T₄	773	148904105	693765	534664	8.835121"	0.031430"
All	4386	149840958	-243088	310577	8.779881"	0.018257"

Table 5

Using all the contacts, we obtained the following result: AU = 149840958 km +/- 310577 km ; this result is to be compared with the value obtained using the not combined observations : AU = 149421803 km +/- 252081 km or rather with the result obtained by making the weighted average : AU = 149507347 km +/- 86718 km.

It is noted that in this case, i.e. by making the combination of the observations of which the difference of the contacts is higher than 6 minutes, the method of Delisle does not improve the results. The averages calculated using contacts T1 and T2 become very good but have very strong standard deviations. That comes owing to the fact that we combine only some observations presenting a strong difference of time of contact (only one –very good leading to a good AU- in the case of T₁ and six in the case of T₂) with all the European observations. The difference between the times of contacts are very large, (larger than 12 minutes), all the combinations having approximately the same weight, on the other hand there is a very strong correlation in these combinations, that results in very strong standard deviations (mainly for T₁). We observe a phenomenon of the same order for the contacts T₃ and T₄, again there is very few observations presenting a large difference with the European observations (six for T₃ and three for T₄), but this time the differences in the times of contacts are weaker (from 6 to 9 minutes).

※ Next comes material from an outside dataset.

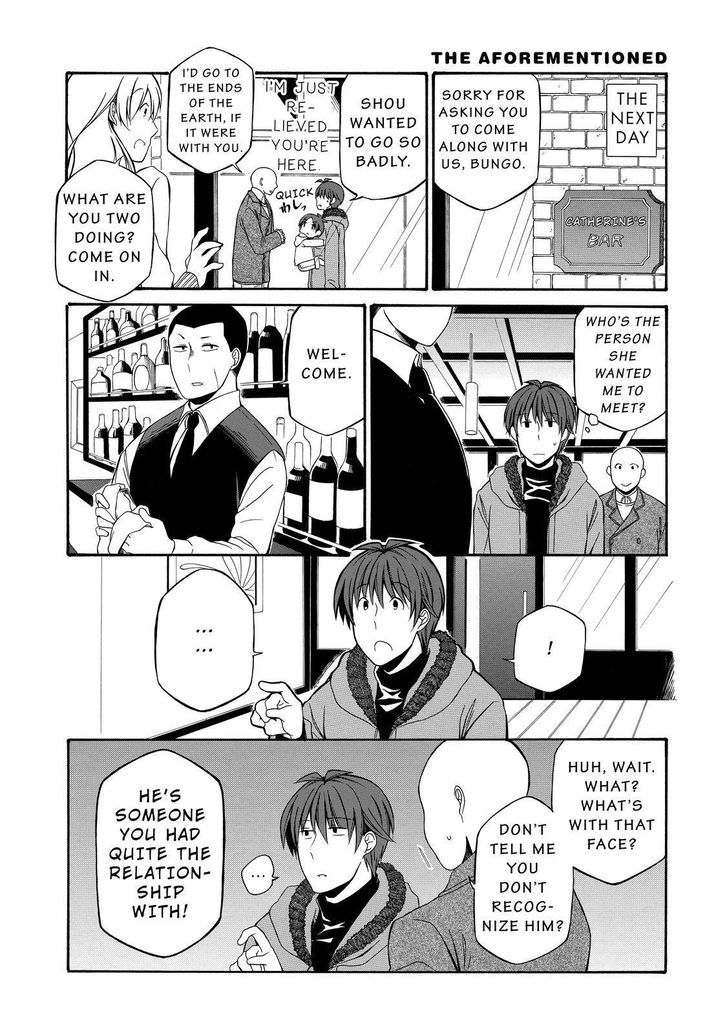 Father and Son Chapter 79 page 6 - Chapter 79 : 79.36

The results would have been different if, as during the past centuries, we had sent observers in quite particular places. Indeed our base of observers presents two large defects: firstly a very strong dissymmetry with very many European observers and very few observers presenting of great difference in the times of contacts with this important group, secondly there is very strong proportion of observations of the third contact and fourth contact with a weak diurnal parallax (Sun high above the horizon) and with observing sites close to the curves C₃ et C₄.

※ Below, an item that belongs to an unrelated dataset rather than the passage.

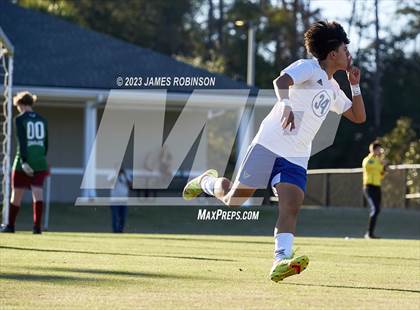 Thumbnail 3 in Matanzas vs Episcopal (ESJ Tournament) photogallery.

In spite of that the results are rather satisfactory because we found the value of the AU and the parallax with a precision which corresponds to that we waiting for by using these methods of observations. It is also the proof that the observations were well made (except for the tests for last hours and aberrant values). It does not seem to have had cheating, nobody having found all his contacts with a too good precision.

The four maps at the end of this note provide, for each contact, the curves corresponding to a contact at a given instant t. We plotted in bold the curves C₁, C₂, C₃ et C₄ corresponding to the sites on Earth observing the contacts at the same time than the centre of the Earth. We also plotted on these maps the observing sites that we selected for our calculations and presenting a difference less than 8 secondes with the predictions (interval 2DT = 16s).

Certainly the method of Delisle is not very powerful from a statistical point of view, but it keeps all its teaching interest. We thus extracted from the whole set of data, a data base formed by the "good observations". On this data base, students and pupils will be able to use the method of Delisle on two observations of their choice and to realize thus that all the sites of observation are not equivalent, even with equal measuring accuracies.

In conclusion :

In conclusion, our best result on the AU is obtained by the linearization method (not constrained system) using the timings within 4 seconds of time (interval of 8s) from the prediction:

AU = 149 608 708 km +/- 11 835 km (diff. to AU 10 838 km)

for the system not constrained (583 observations in a interval of 8s)

UA= 149 840 958 km +/- 310 577 km (diff. to AU 243 088 km)

for Delisle’s method with all contacts (4386 combinations from 1066 observations in an interval of 16s).

The result obtained by the linearization method is better than the one obtained in real time since we eliminated the bad observations and better than the one obtained with Delisle’s method since the observing site were not well distributed on Earth. Note the elimination of more observations (observations within 3 or 2 seconds of time) does not provide better results (too few data).